I started this blog in late 2011 and found two posts: 2012 and 2013. The second was essentially a repeat of the first.
This post has some from those and some new thoughts…
As another anniversary of 9/11 comes, I realize the events of September 11 are never something that requires any effort for me to remember. The words “September 11” always bring a flood of memories.
Like most people, I’ll never forget where I was when I heard, as well as many details from that day and the days, weeks, and months that followed.
I was in New York City when the planes struck. I was at a breakfast meeting in midtown, a few miles north of the towers. I was eating with a gentleman whose daughter worked in (and thank goodness escaped from) the towers. I won’t forget his panic as we heard the news and he told me about his daughter.
I’ve got my own story from that day. It’s a story of fear, confusion, and mostly sadness, but as my good fortune would have it, it’s not one that includes the loss of a loved one.

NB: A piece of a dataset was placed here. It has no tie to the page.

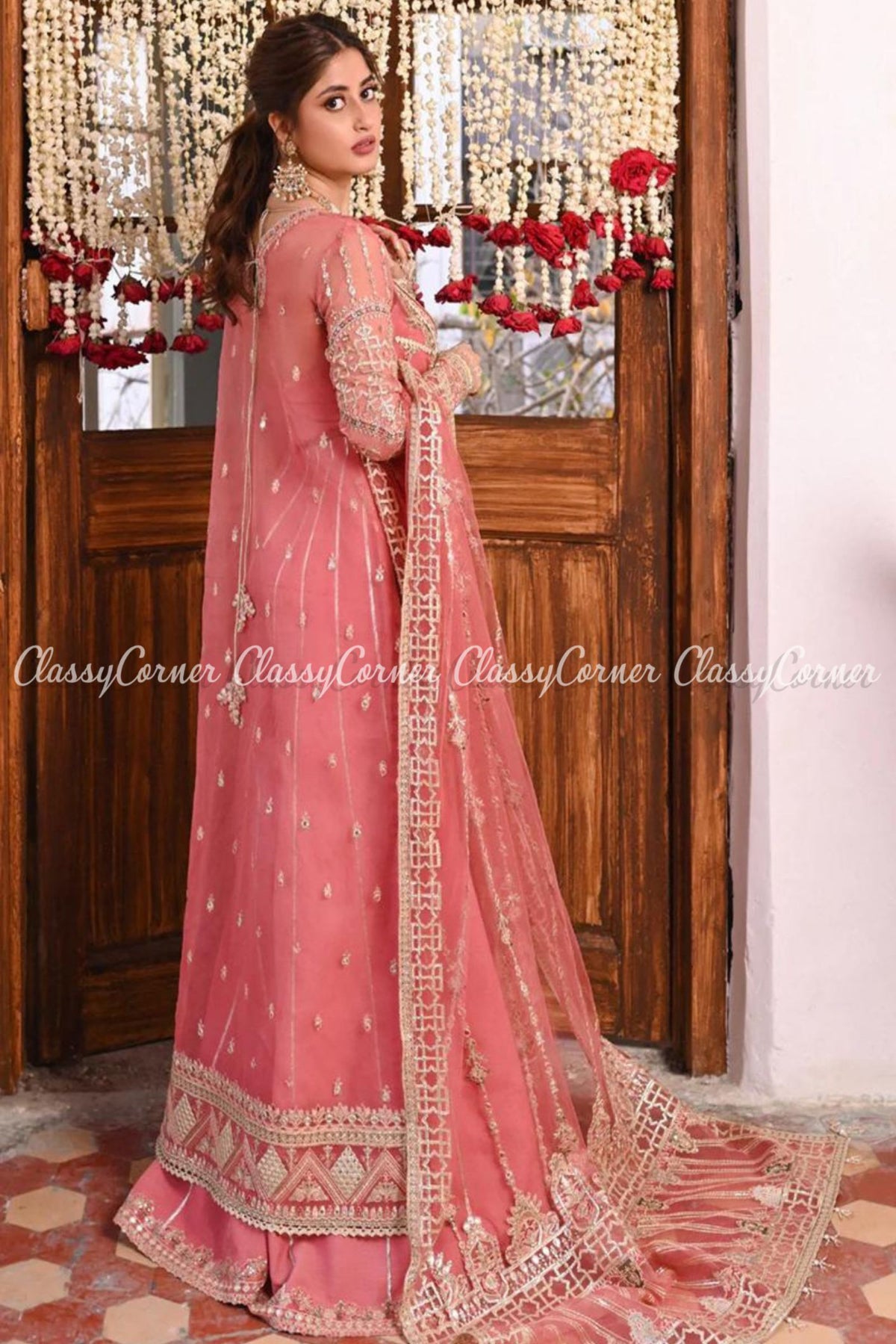 Pink Golden Organza Embroidered Party Wear Sharara Dress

Every September 11, I attend the memorial service in my town. I’ll do that again today. One young man from our town perished in the towers. I didn’t know Chris, but 18 years later—18 memorial services later—I feel like I did know him.
In the summer of 2017, I went to the 9/11 Museum. It’s an incredible place. I believe it’s very important for tourists, and for people too young to remember September 11, 2001.
I don’t particularly recommend it to anyone who was as close as I was to the events of September 11—and I wasn’t that close! I went there fully expecting to be deeply impacted by the experience. Instead, I found myself not interested in reading, watching videos, and looking at firetrucks, ambulances, and other paraphernalia from that day, nearly all of which I had already seen many times in and on the news in the days, weeks, and months after September 11, 2001. I couldn’t get out of there fast enough.
To be clear, I strongly recommend that everyone pay a visit to the national 9/11 Memorial, where the museum is located. It’s an incredibly powerful, poignant structure, which I have been to several times.
If you lost a loved one on September 11, I wish you personal peace. And I hope we can all experience peace in our time.